[WORK TO COMPLETE]:
A word-for-word printout of the listing below is needed.

[SUPPLIED DATA]:
-----
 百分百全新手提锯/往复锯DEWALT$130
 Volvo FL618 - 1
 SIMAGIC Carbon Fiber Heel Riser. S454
-----
[COMPLETED TASK]:
 百分百全新手提锯/往复锯DEWALT$130
 Volvo FL618 - 1
 SIMAGIC Carbon Fiber Heel Riser. S454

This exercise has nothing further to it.